Data entries
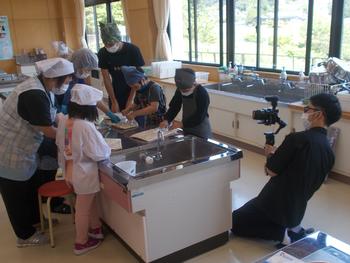 カメラを持った男性が横にしゃがんで撮影をする中、調理台で数名の児童と講師の方が味噌づくりを行っている様子の写真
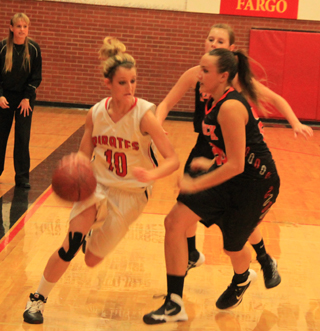 Leah Holthaus drives past a Kendrick defender.
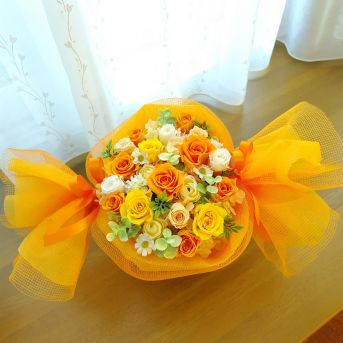 オレンジ系の花をキャンディーのようにラッピングしたプリザーブドフラワー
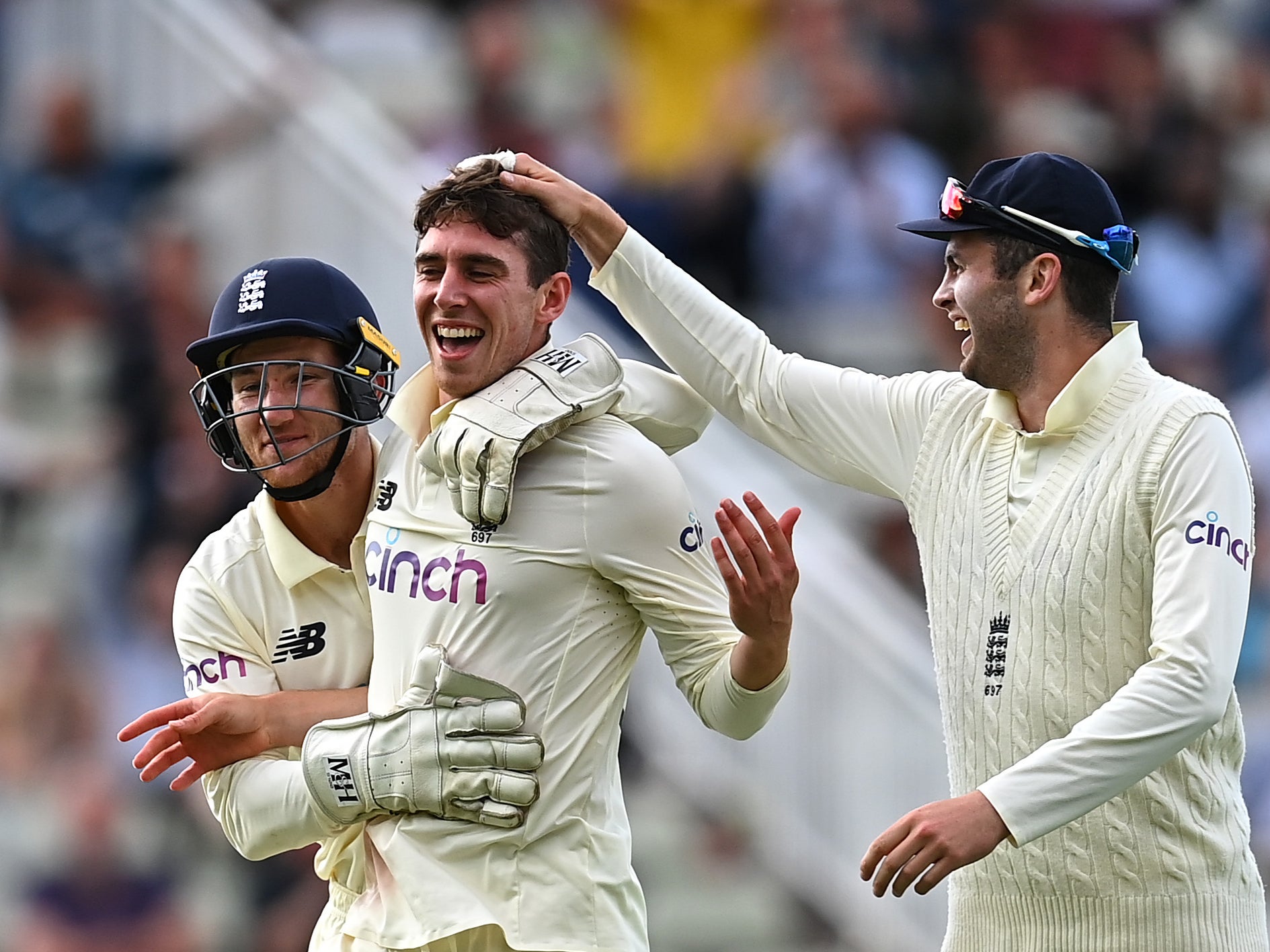 Dan Lawrence of England celebrates taking the wicket of Will Young of New Zealand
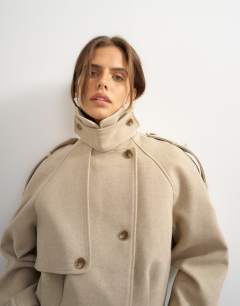 Model wearing Cropped wool blend trenchÂ in stone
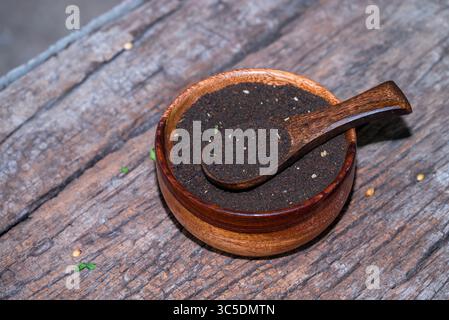 indischer schwarzer Tee, Teelöffel mit Teeblättern auf Holztisch. Schwarzes Teepulver auf hölzernem Hintergrund. Nahaufnahme Stockfoto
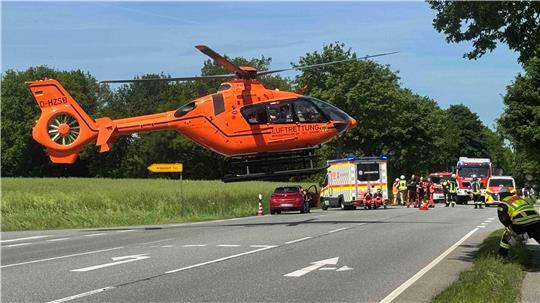 Der Radfahrer muss per Helikopter ausgeflogen werden. Die Feuerwehr sichert die Straße.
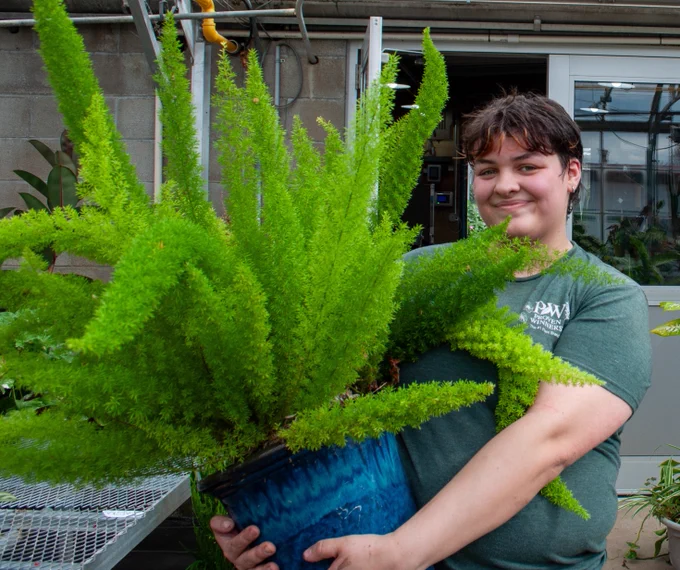 Student in the greenhouse holding a plant and posing for a picture.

## Action item
Transcribe the entries above verbatim, omitting their pictures.

## Your response
 カメラを持った男性が横にしゃがんで撮影をする中、調理台で数名の児童と講師の方が味噌づくりを行っている様子の写真
 Leah Holthaus drives past a Kendrick defender.
 オレンジ系の花をキャンディーのようにラッピングしたプリザーブドフラワー
 Dan Lawrence of England celebrates taking the wicket of Will Young of New Zealand
 Model wearing Cropped wool blend trenchÂ in stone
 indischer schwarzer Tee, Teelöffel mit Teeblättern auf Holztisch. Schwarzes Teepulver auf hölzernem Hintergrund. Nahaufnahme Stockfoto
 Der Radfahrer muss per Helikopter ausgeflogen werden. Die Feuerwehr sichert die Straße.
 Student in the greenhouse holding a plant and posing for a picture.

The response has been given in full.